▶ EXERCISE
For this exercise, copy exactly the lines below from the one with "Prompt: A bustling" through the one with "Feb. 16, 2018" and leave out the pictures.

(Beginning of RECORDS FOR THIS TASK)

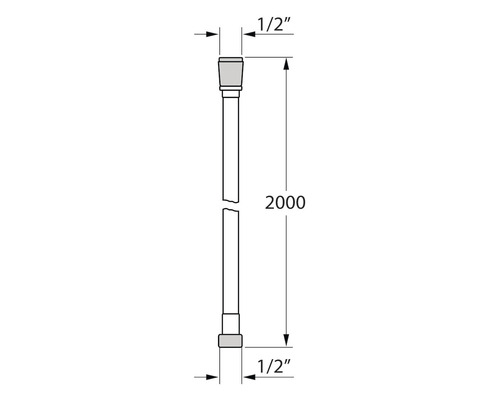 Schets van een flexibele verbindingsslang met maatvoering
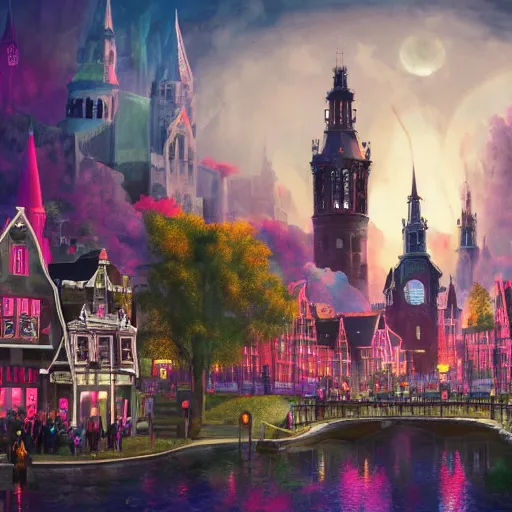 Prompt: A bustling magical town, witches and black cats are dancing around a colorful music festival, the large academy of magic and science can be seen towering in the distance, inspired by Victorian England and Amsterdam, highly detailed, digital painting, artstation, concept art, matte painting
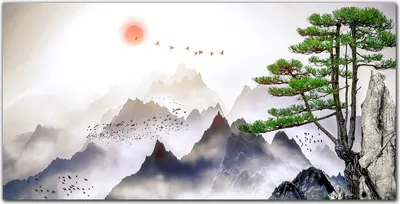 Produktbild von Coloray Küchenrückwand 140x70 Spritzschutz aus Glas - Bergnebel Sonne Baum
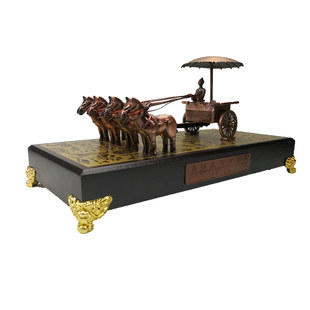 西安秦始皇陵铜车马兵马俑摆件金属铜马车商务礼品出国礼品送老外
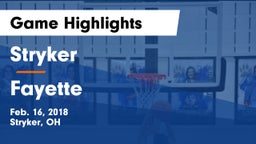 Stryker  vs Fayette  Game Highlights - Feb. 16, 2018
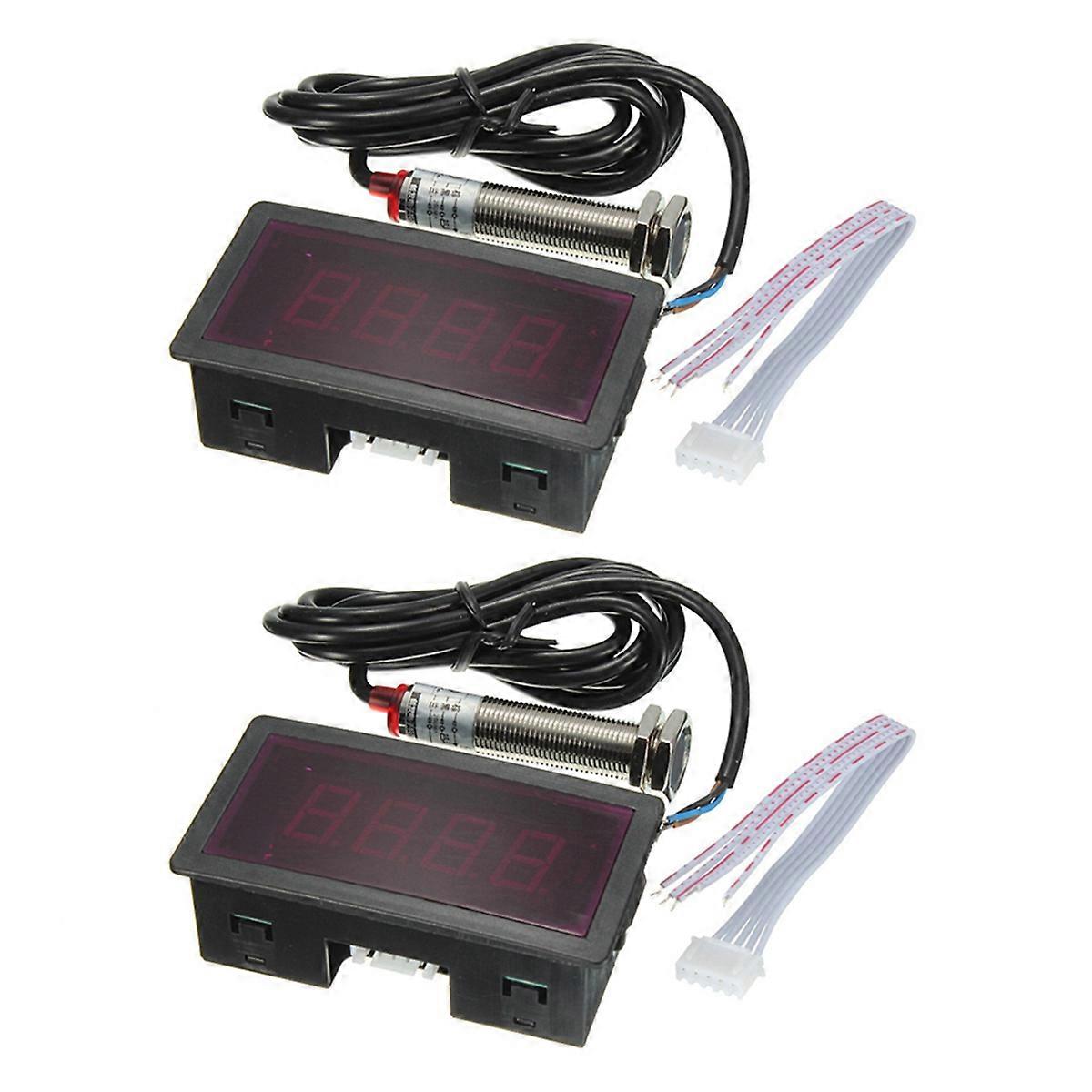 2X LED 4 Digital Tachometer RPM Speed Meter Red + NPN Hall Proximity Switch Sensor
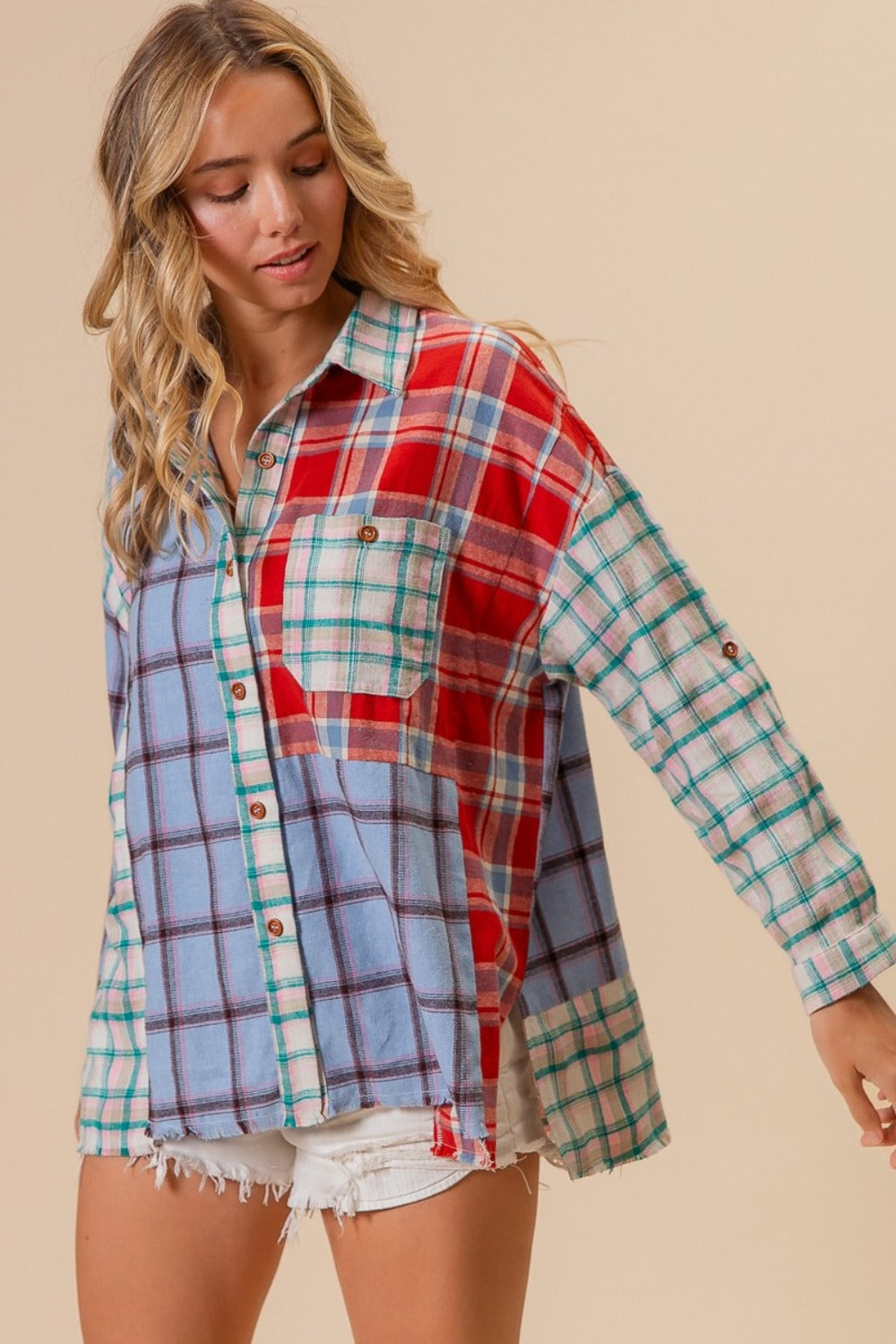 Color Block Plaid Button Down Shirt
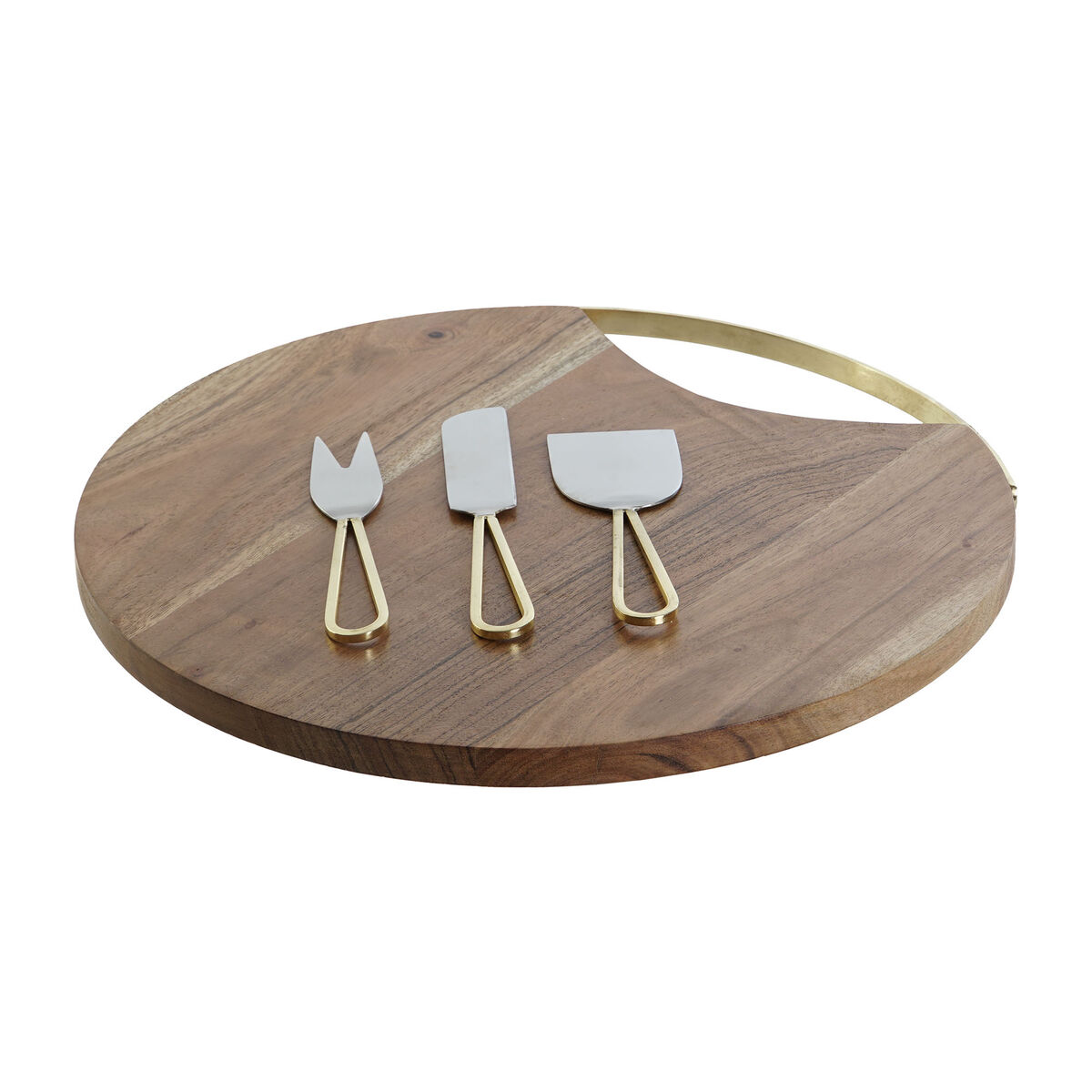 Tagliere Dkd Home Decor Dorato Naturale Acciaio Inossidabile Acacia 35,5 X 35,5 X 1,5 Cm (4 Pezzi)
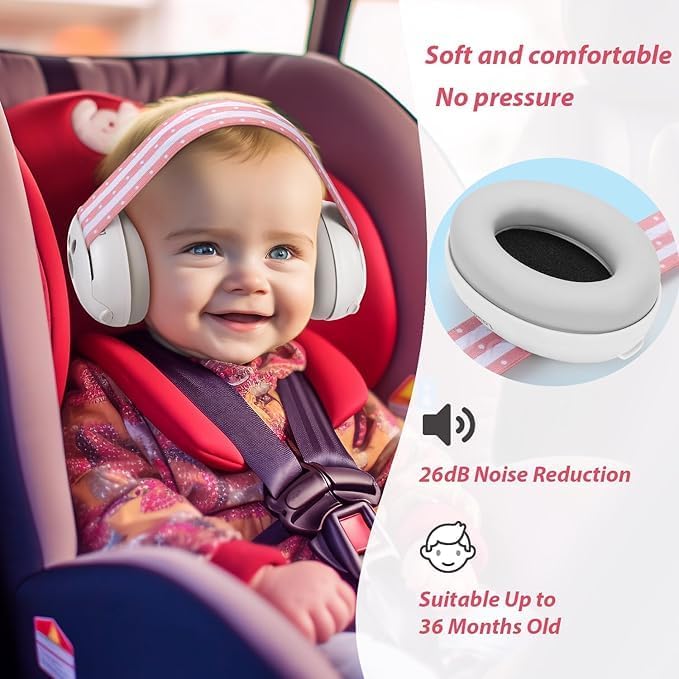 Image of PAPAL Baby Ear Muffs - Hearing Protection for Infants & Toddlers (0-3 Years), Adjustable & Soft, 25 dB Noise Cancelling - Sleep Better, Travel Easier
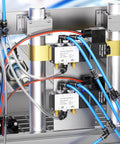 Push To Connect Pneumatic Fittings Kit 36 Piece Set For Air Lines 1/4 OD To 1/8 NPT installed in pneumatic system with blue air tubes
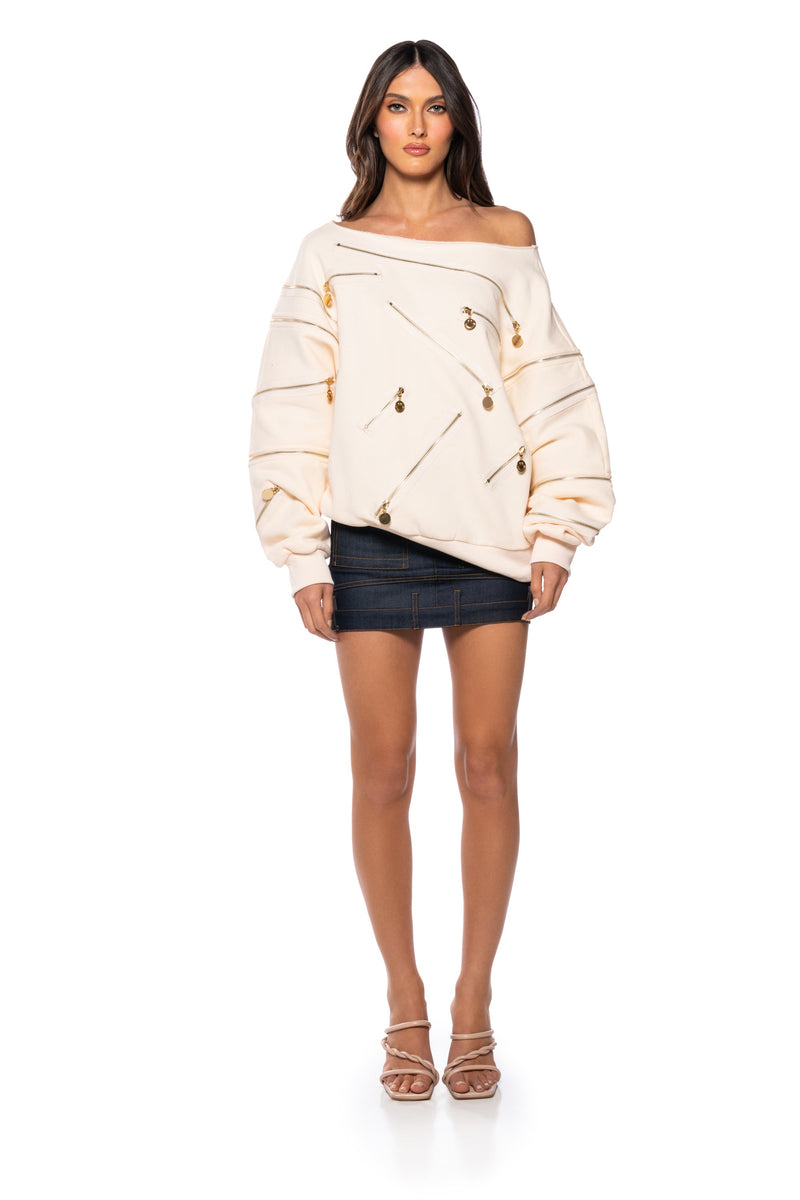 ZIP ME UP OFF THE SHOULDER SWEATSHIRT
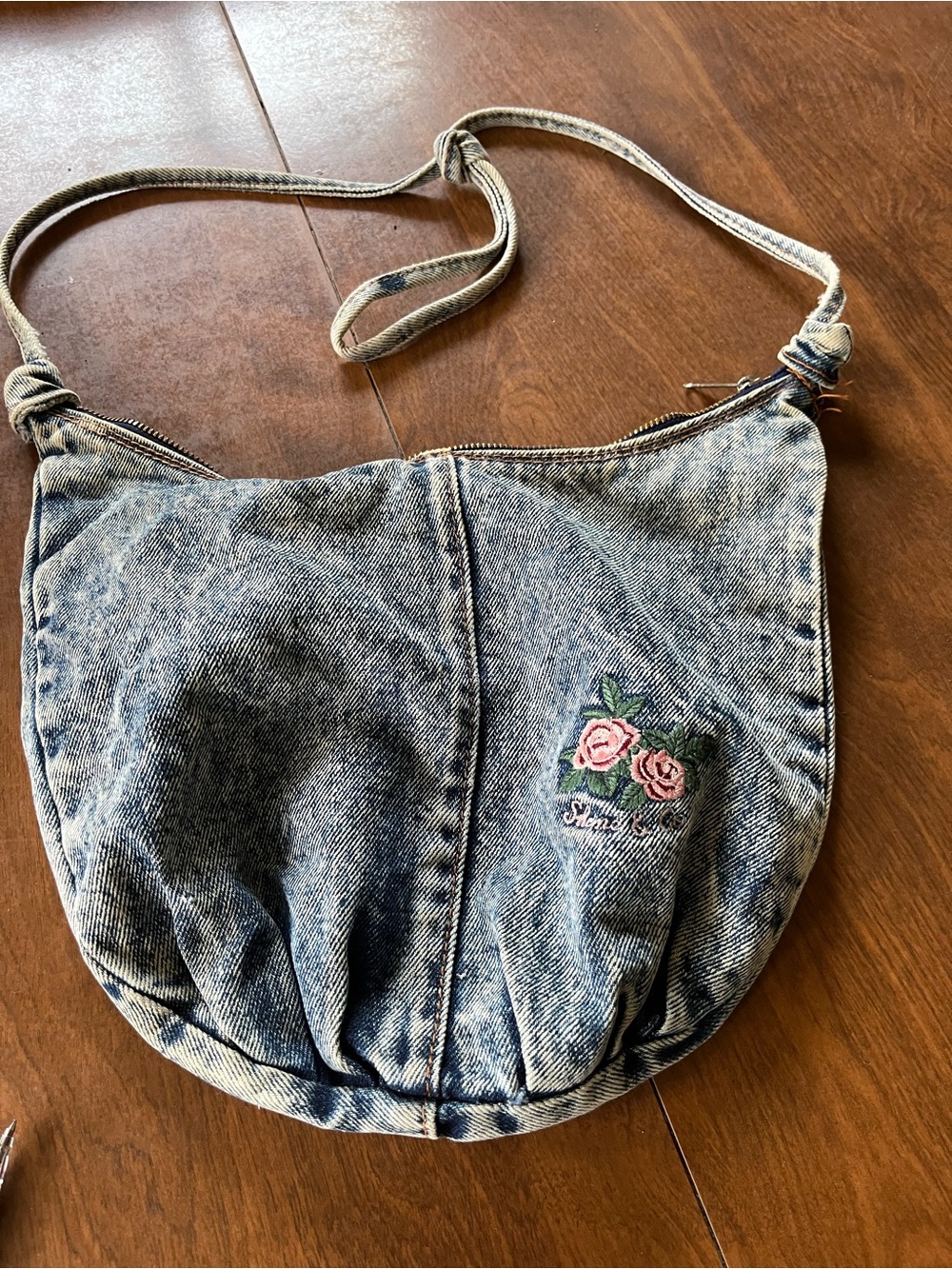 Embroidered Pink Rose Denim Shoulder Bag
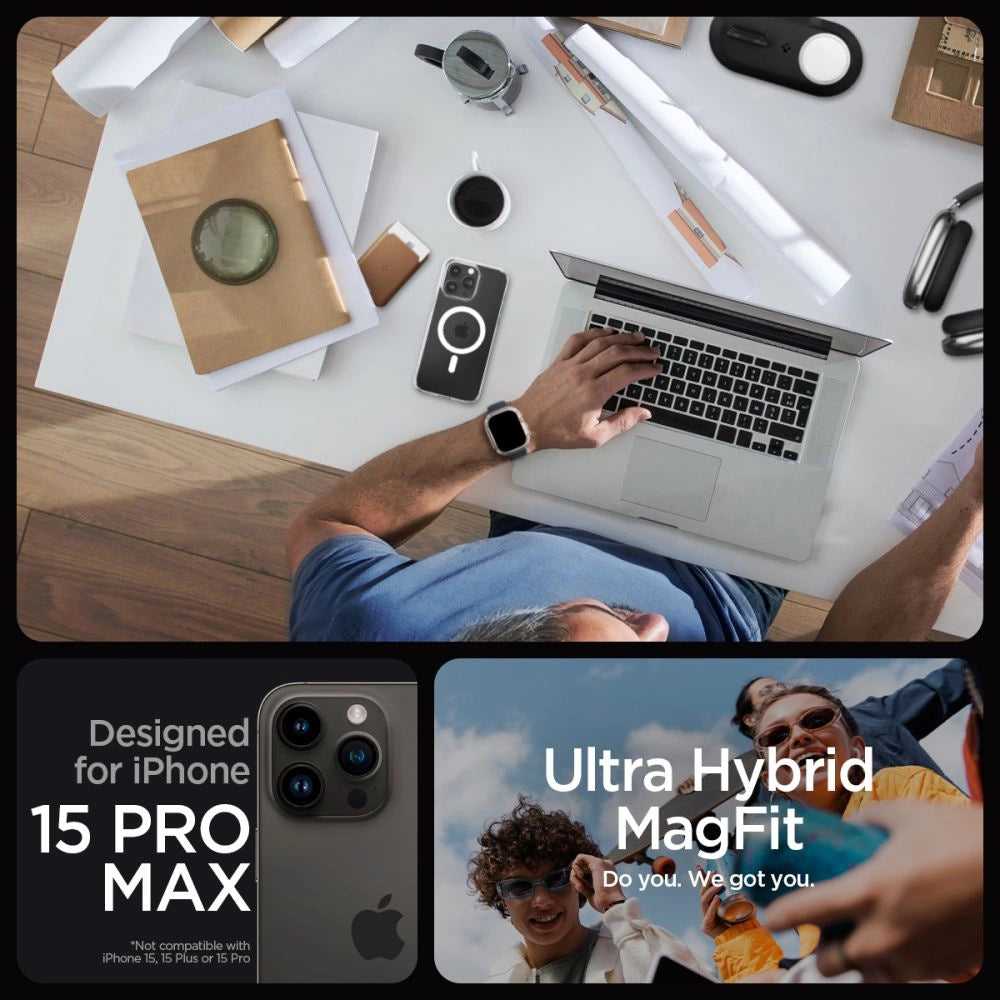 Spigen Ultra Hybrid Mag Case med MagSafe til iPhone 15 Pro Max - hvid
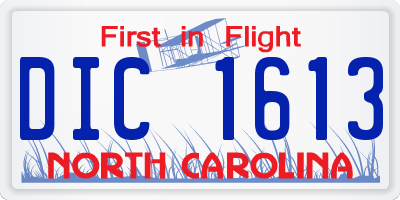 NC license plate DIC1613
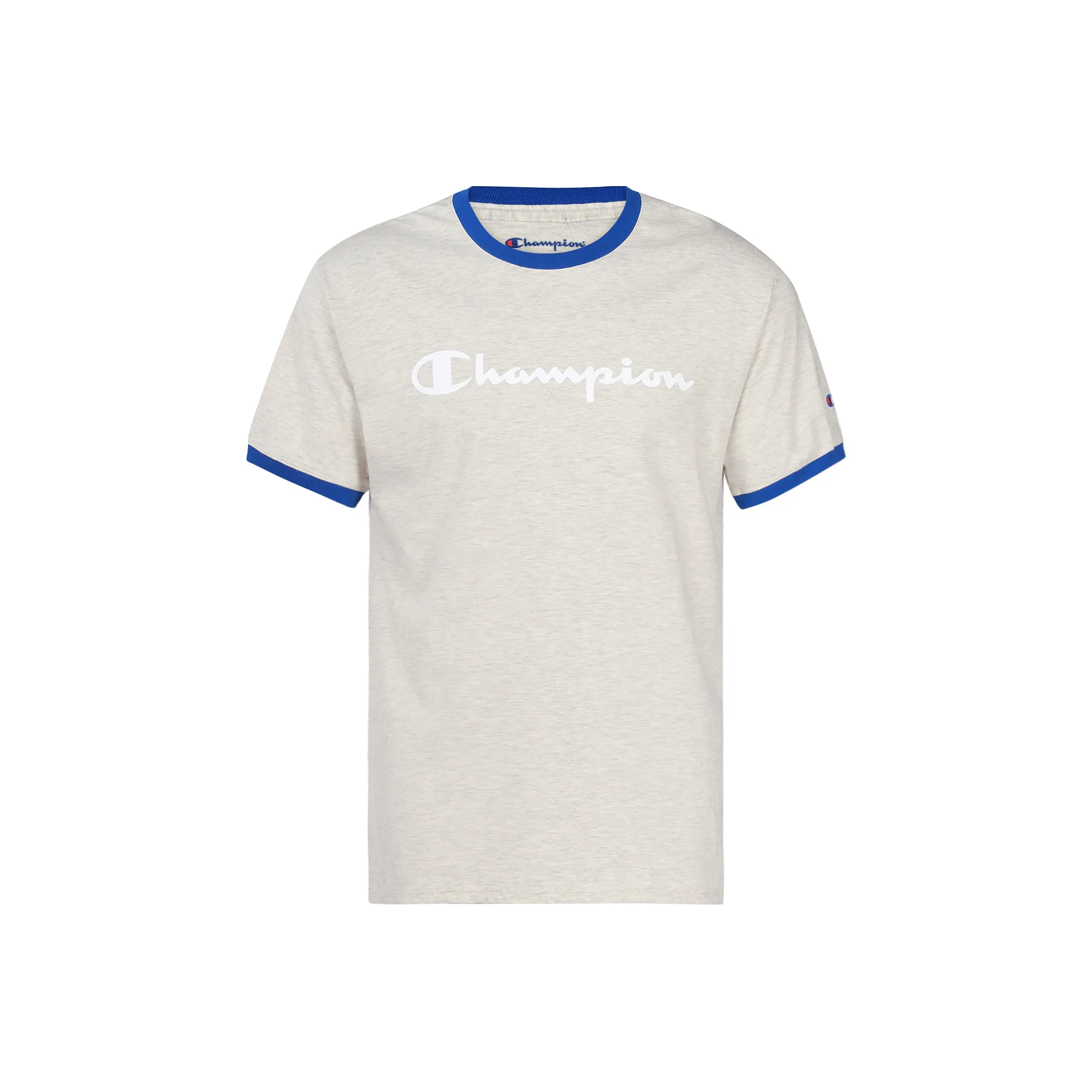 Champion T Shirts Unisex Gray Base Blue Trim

(End of RECORDS FOR THIS TASK)

▶ SOLUTION TO THIS PROBLEM
 Prompt: A bustling magical town, witches and black cats are dancing around a colorful music festival, the large academy of magic and science can be seen towering in the distance, inspired by Victorian England and Amsterdam, highly detailed, digital painting, artstation, concept art, matte painting
 Produktbild von Coloray Küchenrückwand 140x70 Spritzschutz aus Glas - Bergnebel Sonne Baum
 西安秦始皇陵铜车马兵马俑摆件金属铜马车商务礼品出国礼品送老外
 Stryker  vs Fayette  Game Highlights - Feb. 16, 2018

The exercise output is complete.